One longtime Trump adviser said it was a questionable choice to install Meadows, given that he has no experience leading such a large operation.

“The president, and I’ve heard him say this, sees Mark as very good politically,” said the person, who spoke on the condition of anonymity to discuss private conversations. “But the president is a political animal. He needs someone who will actually take care of the store for him while he’s out running for reelection. And there’s a question in my mind whether Mark can do that.”

Meanwhile, Mulvaney often seemed out of the loop and sometimes even blissful about it.

He regularly traveled away from the president on weekends. When Trump clashed with national security adviser John Bolton last year and fired him, Mulvaney was in North Carolina, politicking for members of Congress.

At times in recent months, one close Trump adviser said, the president would say there was no need to loop Mulvaney into a particular discussion.

Mulvaney did not accompany the president Friday to Tennessee to survey storm damage, Atlanta to visit the Centers for Disease Control and Prevention, or South Florida for the weekend.

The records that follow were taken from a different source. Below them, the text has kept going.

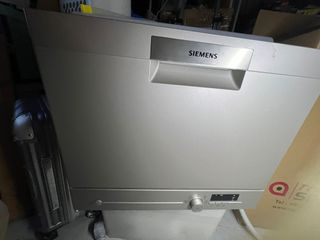 （分類：）位於 。 由 nic.ccl 提交（商品編號 1329245772，圖片 1）。簡介： 。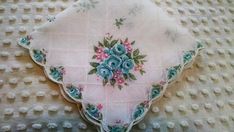 Lovely Vintage Floral Hankie Handkerchief Aqua Roses Lattice or Trellis Pattern Turquoise Flowers Scalloped Edge Hanky Shabby Cottage Chic Aqua Rose, Turquoise Flowers, Trellis Pattern, White Pillows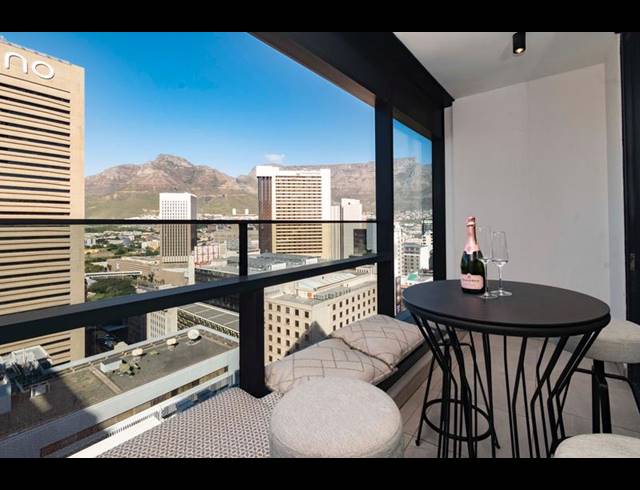 1 BEDROOM APARTMENT FOR SALE IN CAPE TOWN CITY CENTRE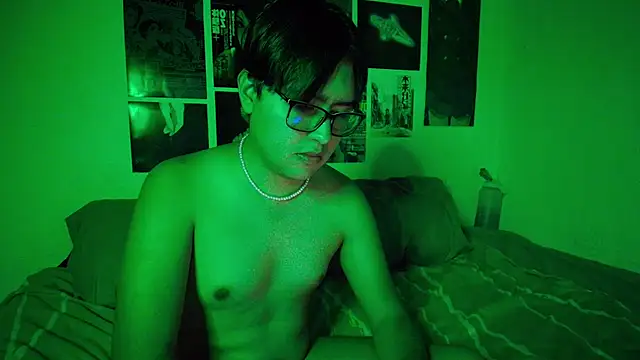 Snapshot of shinji-18 chatting on 03.15.25 shinji-18 online show from 03.15.25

At a White House meeting with Trump, Pence and chief executives of major airlines earlier this week, Mulvaney stood off to the side, even as other senior administration officials sat at the table. Trump has been displeased generally with the administration’s handling of the novel coronavirus and has grown angry with Mulvaney on several occasions, aides said.

In a recent talk at the Oxford Union in England, Mulvaney seemed at peace with the idea that his days could be numbered.

“Generally speaking, this job does not last that long. Who knows how much longer I’m going to last?” Mulvaney said during the February remarks.

Meadows prides himself on being an operator in Washington. He is often at some of the city’s swankiest parties and galas, including the Meridian Ball, and at the British Embassy and other black-tie events. He also maintained close relationships with key congressional Democrats, such as the late representative Elijah E. Cummings (Md.), who was chairman of the House Oversight and Reform Committee.

He keeps a place in North Carolina but has spent much of his time in Washington in recent years.

“Mark is a really savvy strategist. You love him or hate him, but anyone who knows him knows he thinks three-dimensionally at all times,” a senior administration official said. “That’ll be his biggest value-add to the White House. He thinks of angles and approaches that others won’t, and thinks steps ahead. He’ll be crucial in helping get out of the cycle of being totally reactive.”

Some in the president’s orbit, though, worry that Meadows is duplicitous. Several current and former Trump aides say they feel he often tells the president one thing but sometimes tells lawmakers or Capitol Hill staffers something entirely different.

Dawsey reported from Washington. Jeff Stein and Philip Rucker in Washington contributed to this report.